## YOUR ASSIGNMENT
Return the material unaltered, line by line.

## DATA TO EXAMINE
..............................
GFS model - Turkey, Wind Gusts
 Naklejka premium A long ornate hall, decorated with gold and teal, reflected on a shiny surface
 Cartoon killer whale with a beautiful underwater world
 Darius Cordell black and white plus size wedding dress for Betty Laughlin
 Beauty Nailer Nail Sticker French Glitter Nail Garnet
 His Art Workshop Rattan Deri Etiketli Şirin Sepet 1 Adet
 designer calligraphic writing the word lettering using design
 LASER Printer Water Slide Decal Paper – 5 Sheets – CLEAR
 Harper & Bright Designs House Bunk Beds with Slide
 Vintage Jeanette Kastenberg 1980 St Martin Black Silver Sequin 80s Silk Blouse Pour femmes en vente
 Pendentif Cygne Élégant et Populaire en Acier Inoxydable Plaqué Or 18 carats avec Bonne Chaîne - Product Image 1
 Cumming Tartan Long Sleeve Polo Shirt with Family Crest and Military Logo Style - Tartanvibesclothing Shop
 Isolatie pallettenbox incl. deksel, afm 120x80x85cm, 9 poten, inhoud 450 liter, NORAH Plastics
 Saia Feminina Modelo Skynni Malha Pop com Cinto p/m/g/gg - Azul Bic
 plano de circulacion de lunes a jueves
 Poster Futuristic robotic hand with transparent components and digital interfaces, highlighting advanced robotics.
..............................
## THE ANSWER
GFS model - Turkey, Wind Gusts
 Naklejka premium A long ornate hall, decorated with gold and teal, reflected on a shiny surface
 Cartoon killer whale with a beautiful underwater world
 Darius Cordell black and white plus size wedding dress for Betty Laughlin
 Beauty Nailer Nail Sticker French Glitter Nail Garnet
 His Art Workshop Rattan Deri Etiketli Şirin Sepet 1 Adet
 designer calligraphic writing the word lettering using design
 LASER Printer Water Slide Decal Paper – 5 Sheets – CLEAR
 Harper & Bright Designs House Bunk Beds with Slide
 Vintage Jeanette Kastenberg 1980 St Martin Black Silver Sequin 80s Silk Blouse Pour femmes en vente
 Pendentif Cygne Élégant et Populaire en Acier Inoxydable Plaqué Or 18 carats avec Bonne Chaîne - Product Image 1
 Cumming Tartan Long Sleeve Polo Shirt with Family Crest and Military Logo Style - Tartanvibesclothing Shop
 Isolatie pallettenbox incl. deksel, afm 120x80x85cm, 9 poten, inhoud 450 liter, NORAH Plastics
 Saia Feminina Modelo Skynni Malha Pop com Cinto p/m/g/gg - Azul Bic
 plano de circulacion de lunes a jueves
 Poster Futuristic robotic hand with transparent components and digital interfaces, highlighting advanced robotics.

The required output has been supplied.